California’s first-in-the-nation task force on reparations released an extensive report on Wednesday detailing the state’s role in 170 years of discrimination toward Black Americans, outlining how the lasting effects of slavery have produced “innumerable harms” that no level of government has addressed to date.
The exhaustive 500-page report documents how descendants of slavery in California, and more broadly in the U.S., have suffered compounding inequities through more than a dozen facets of life, including education, employment and housing, and offers recommendations to right those wrongs through systemic policy shifts and “comprehensive” financial compensation.
“In 1883, the Supreme Court interpreted the 13th Amendment as empowering Congress ‘to pass all laws necessary and proper for abolishing all badges and incidents of slavery in the United States,’” the report reads.
“However, throughout the rest of American history, instead of abolishing the ‘badges and incidents of slavery,’ the United States federal, state and local governments, including California, perpetuated and created new iterations of these ‘badges and incidents.’ The resulting harms have been innumerable and have snowballed over generations.”
The report, which is the first of its kind to be produced on the state level, urges the creation of a new statewide office that would provide a pathway for financial reparations for Black Americans, and pushes for expanded voter registration and the improvement of Black neighborhoods, among other recommendations. The document, however, stopped short of attaching a specific number to the reparations, mainly because it’s the first of two reports coming from the nine-member task force, with the second to be released some time next year.
“I’m hoping that this report is used as an education tool and an organizing tool, educating the state of California and the United States at large about the harms against the African American community and the contributions of the African American community in the United States,” said Kamilah Moore, chair of the task force. “This report is documenting the full corpus of evidence around the harms against the African American community, which will substantiate the claims for reparations in the final report.”
Members of the task force claim this is the first government-commissioned study on harm against Black Americans since the 1968 Kerner Commission report, which was ordered by then-President Lyndon Johnson.
The findings come at a time of increased fervor around the topic of reparations — just last month more than 25 social justice organizations penned a letter to President Biden urging him “to study and develop reparations proposals for African Americans” by Juneteenth, or June 19, the anniversary of the day in 1865 that African Americans returned in Galveston, Texas, to news that they were freed. Last March, Evanston, Ill., became the first city in the country to approve reparations for Black residents.
Advocates for reparations believe the only way Black Americans will see any kind of financial compensation will be through policy and politics.

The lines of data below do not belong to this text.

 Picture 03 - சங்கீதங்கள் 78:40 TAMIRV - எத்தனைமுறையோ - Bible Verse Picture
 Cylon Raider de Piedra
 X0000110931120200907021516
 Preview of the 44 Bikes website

“This has to be a political campaign on top of a matter of policy and any sort of moral argument,” James Lance Taylor, a political science professor at the University of San Francisco and a member of that city's reparations task force, told the Washington Post. “Anything in favor of expanding rights to Black people has always been negatively received. The odds are always against us, but we are further along than we’ve ever been.”

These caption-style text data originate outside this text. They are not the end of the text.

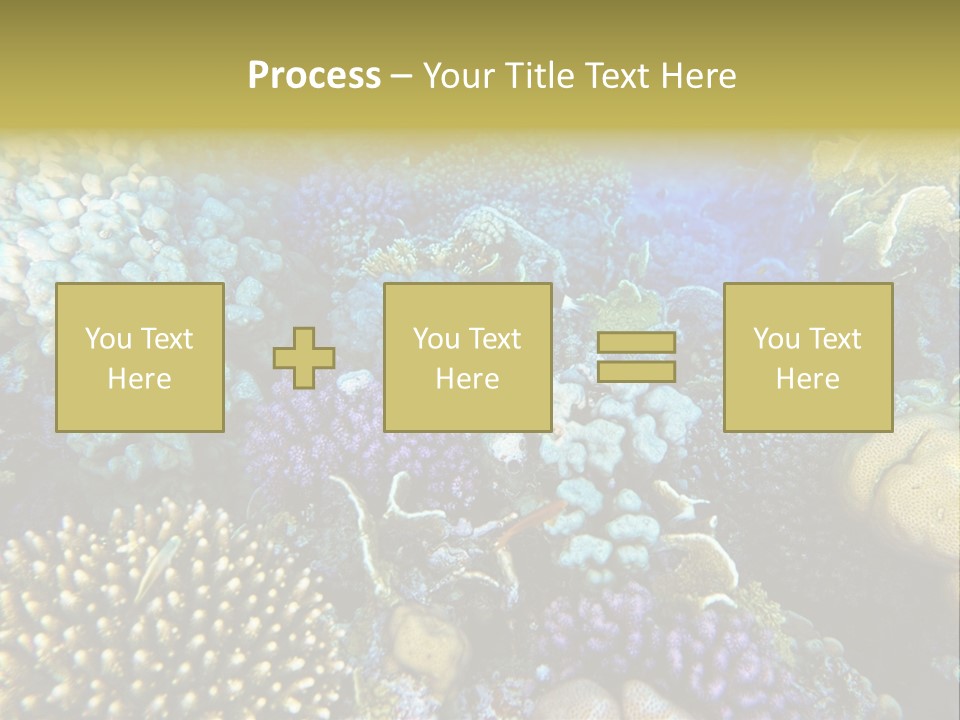 Live Ocean Under PowerPoint Template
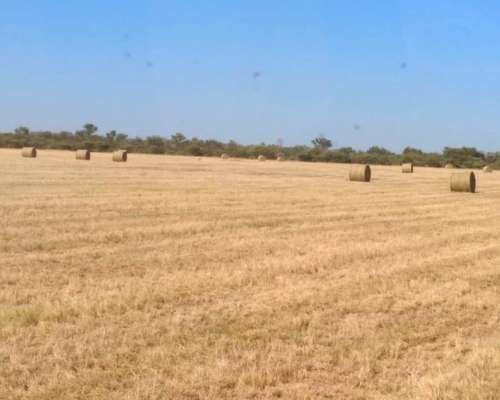 Venta de Campo Galeliano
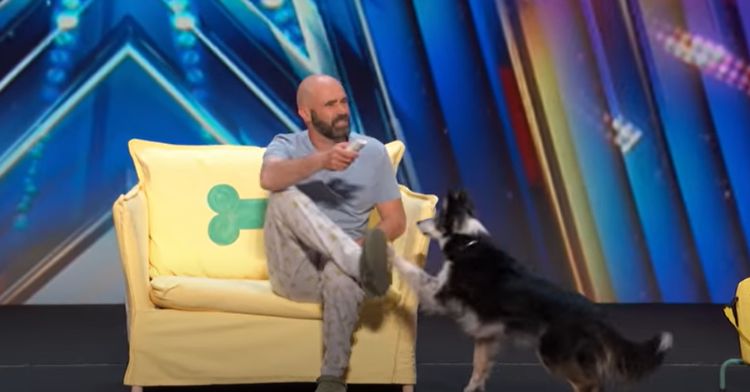 A dog and his trainer perform on "America's Got Talent."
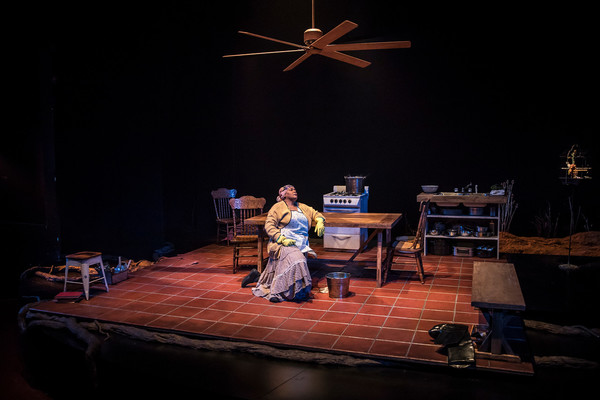 Photo Flash: Victory Gardens Theater Presents MIES JULIE 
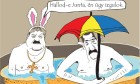 Bővebben...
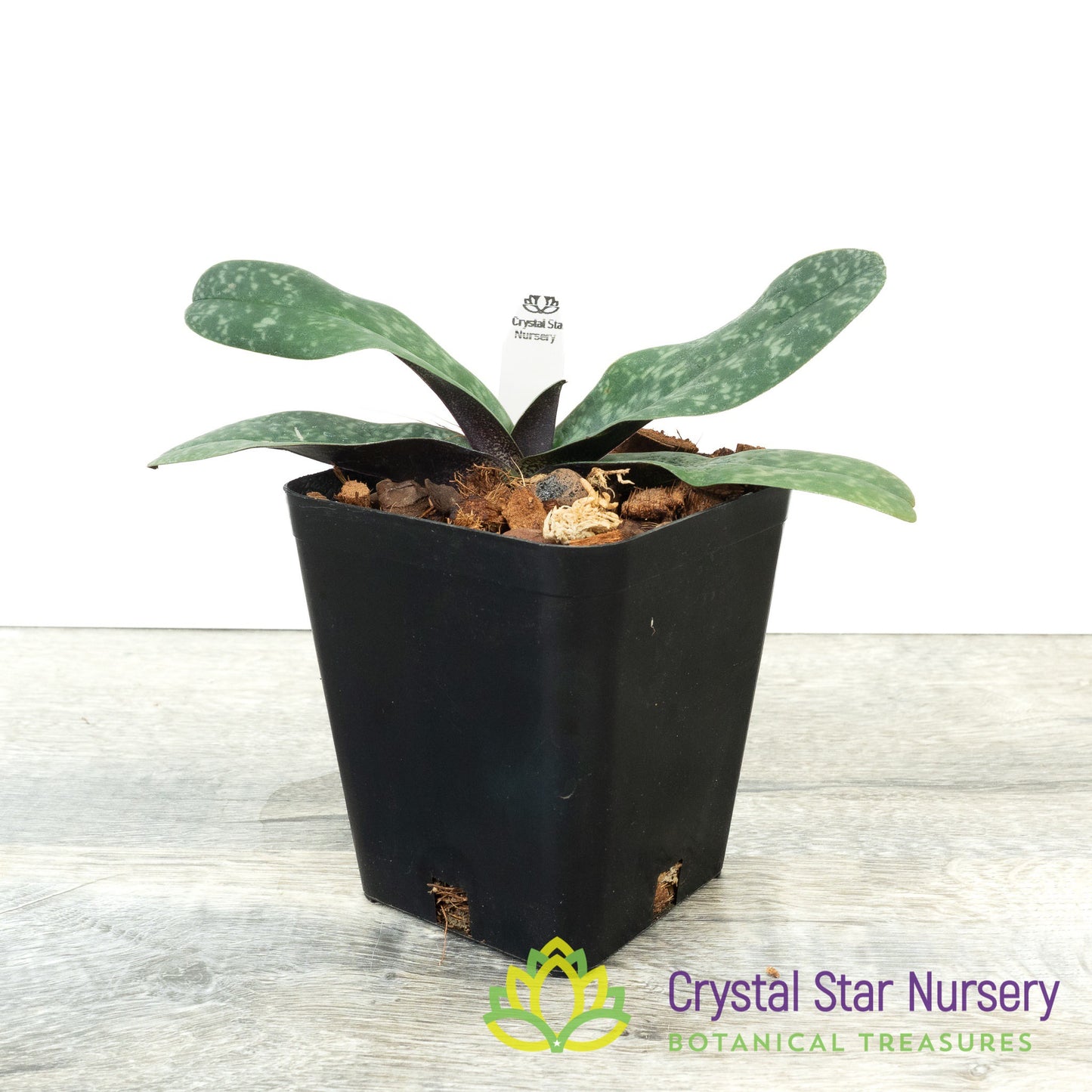 Paphiopedilum bellatulum (T)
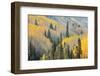 Aspen Trees, White River National Forest Colorado, USA-Charles Gurche-Framed Photographic Print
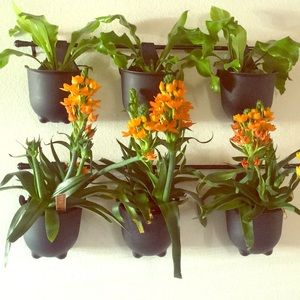 Wall planters 🌱🌵🌺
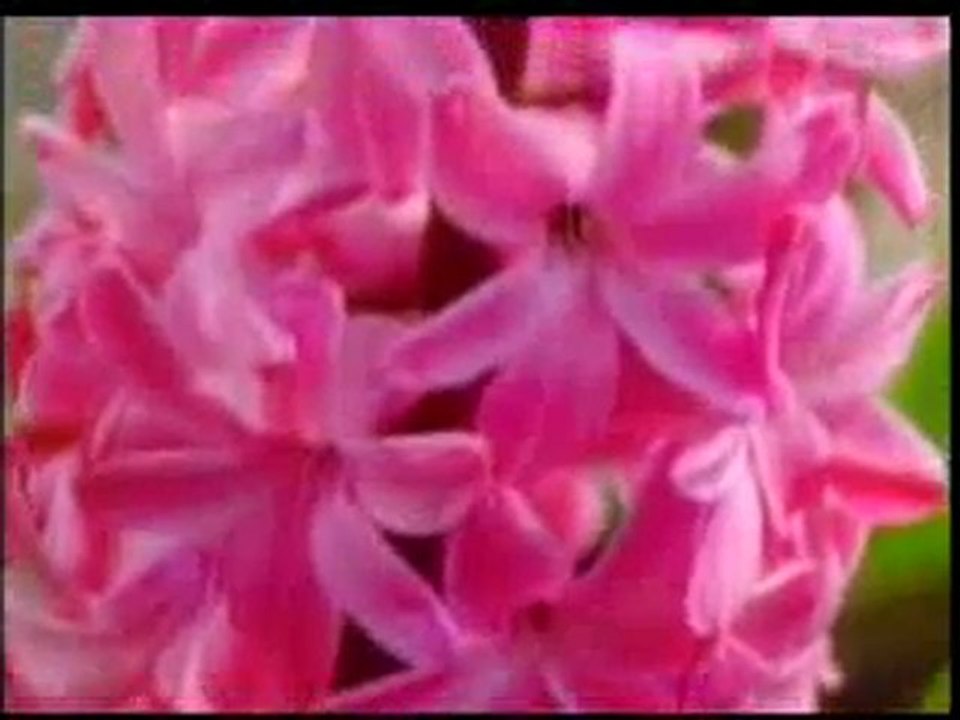 Hz. Süleyman, Hz. Zülkarneyn ve Mehdi benzerlikleri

"The depth, breadth and scope of the report is astounding," task force member Lisa Holder told USA Today. "We are evaluating racism beginning in 1619 and going all the way to the present … and connecting (past) injustices to injustice that we are seeing today."
California Gov. Gavin Newsom, a Democrat, signed legislation to create the task force in 2020, becoming the only state to move forward with a reparations study at this scale. Following Wednesday’s report, the panel will now pivot to creating a detailed proposal for reparations for the state legislature to consider. In March, the group voted 5-4 to limit cash reparations only to people who can prove that they are descended from enslaved and free Black Americans who were in the country before the end of the 19th century.
“The harm against the African American community has been so extensive that reparations are pretty much overdue,” Moore said.